Goal of the exercise: Restate the entries word for word and skip every image.

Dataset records

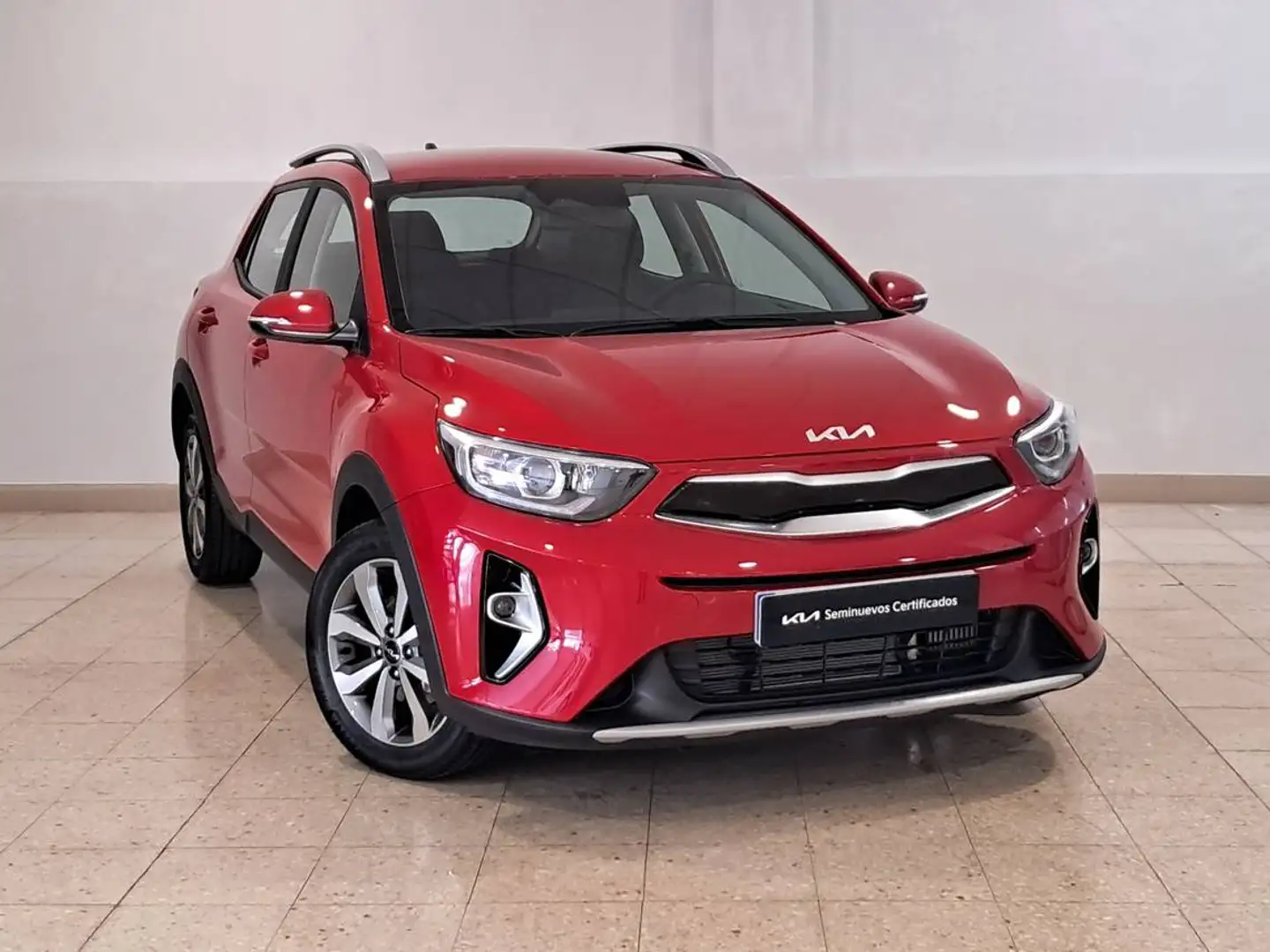 Kia Stonic 1.2 DPi Concept Rojo - 2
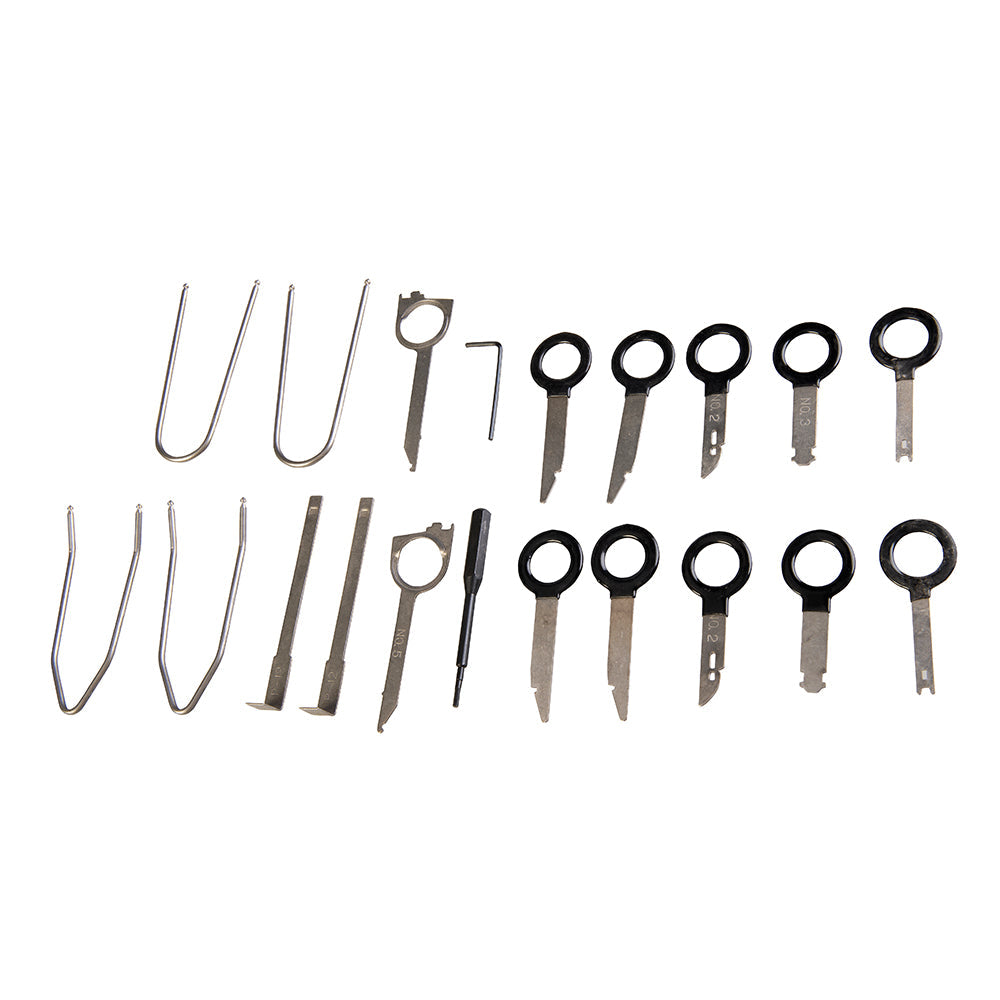 Silverline Radio Removal Kit 20pce 333101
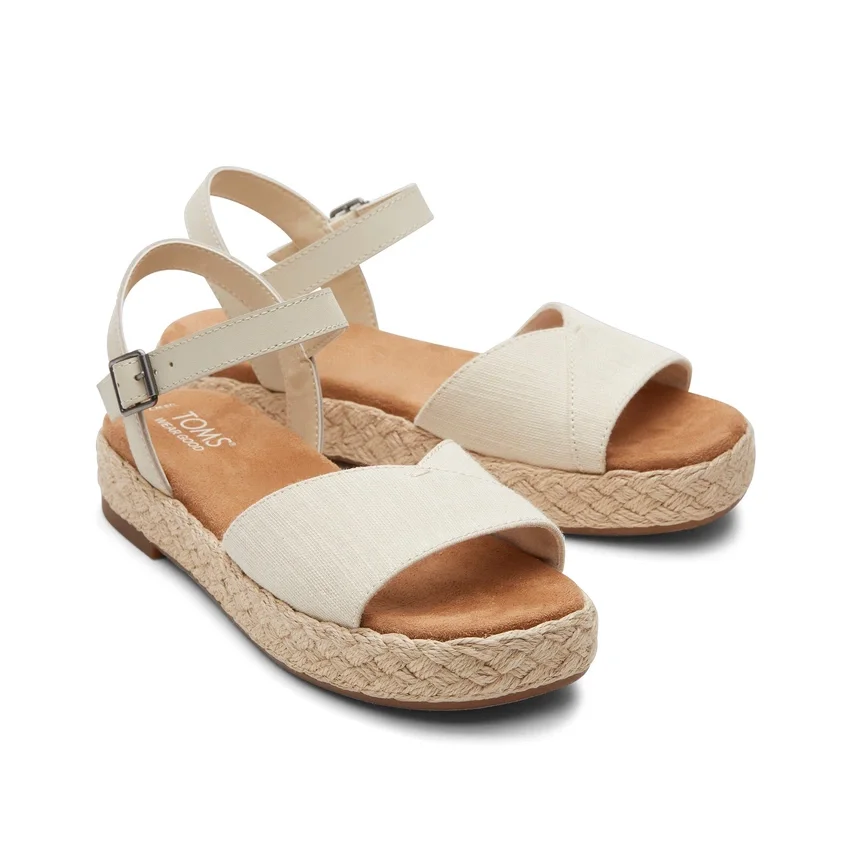 Damen-Espadrille-Sandale „Abby“ mit Flatform Damen-Espadrille-Sandale „Abby“ mit Flatform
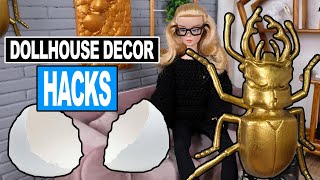 Miniature One Sixth Scale Decor Dupes DIY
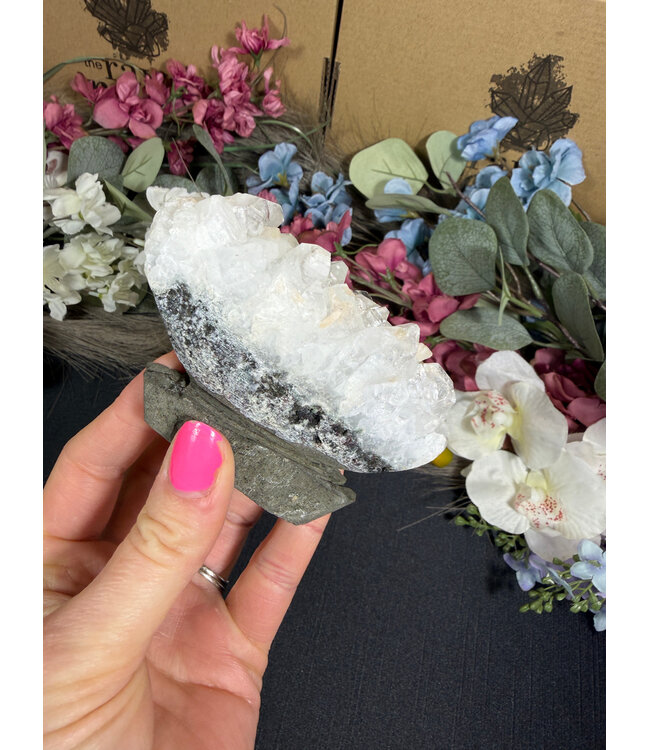 Apophyllite Specimen #1658, 266gr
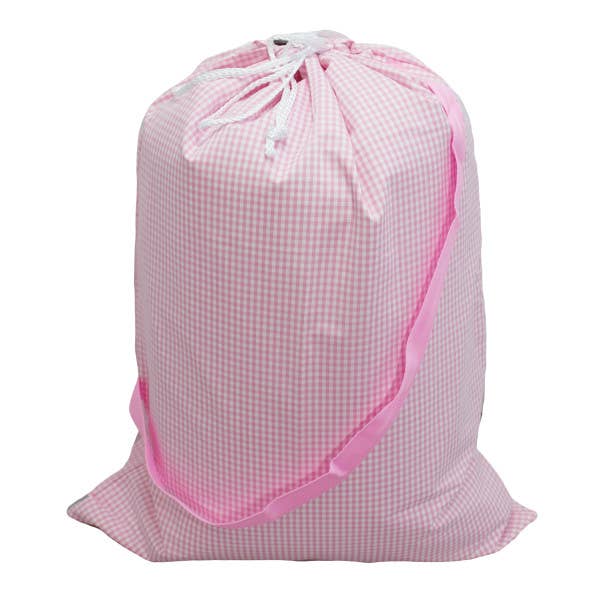 Pink Gingham Hold All | Mint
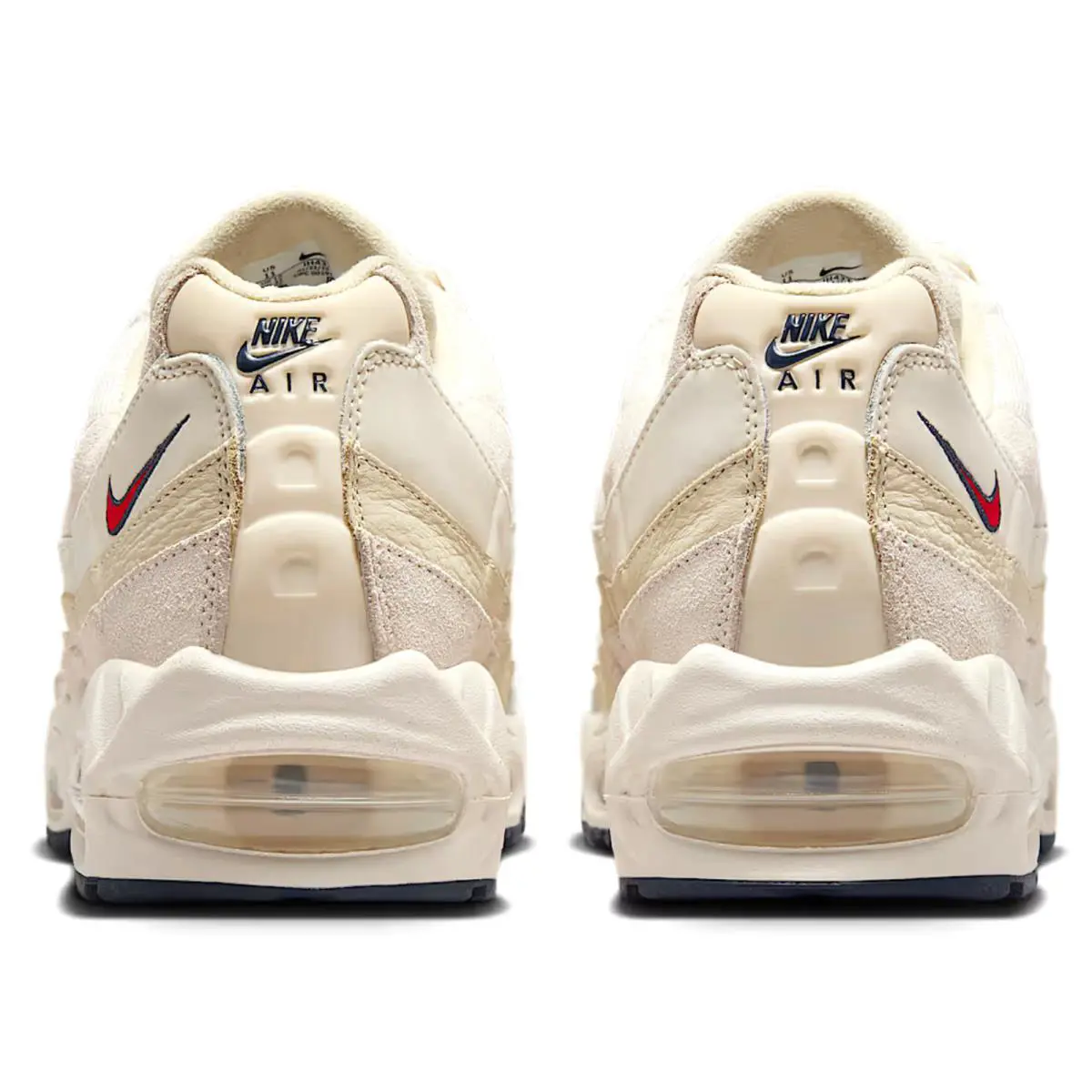 Nike shoes - Nike Air Max 95 - Air Max - IH4378-110 - Pale Ivory/Light Khaki/Sail/University Red 2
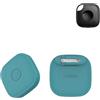 Generisch Cover in silicone per Tile by Life360 Mate (2024) con materiale ecologico di alta qualità, design portatile e resistente ai graffi, antiurto, lavabile e piacevole al tatto, verde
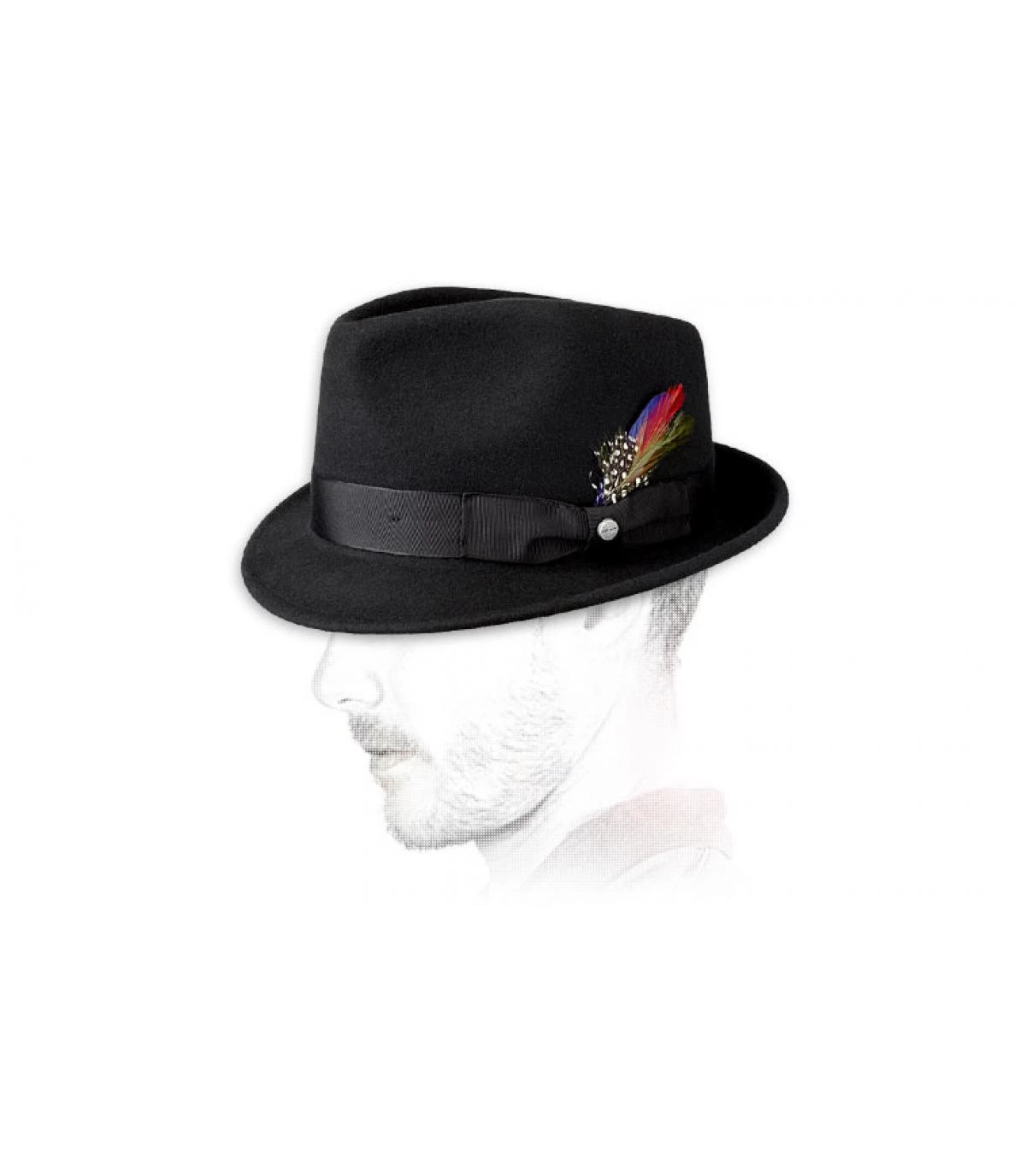 Stetson Elkader Black - Image 3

Answer to the exercise:
 Kia Stonic 1.2 DPi Concept Rojo - 2
 Silverline Radio Removal Kit 20pce 333101
 Damen-Espadrille-Sandale „Abby“ mit Flatform Damen-Espadrille-Sandale „Abby“ mit Flatform
 Miniature One Sixth Scale Decor Dupes DIY
 Apophyllite Specimen #1658, 266gr
 Pink Gingham Hold All | Mint
 Nike shoes - Nike Air Max 95 - Air Max - IH4378-110 - Pale Ivory/Light Khaki/Sail/University Red 2
 Generisch Cover in silicone per Tile by Life360 Mate (2024) con materiale ecologico di alta qualità, design portatile e resistente ai graffi, antiurto, lavabile e piacevole al tatto, verde
 Stetson Elkader Black - Image 3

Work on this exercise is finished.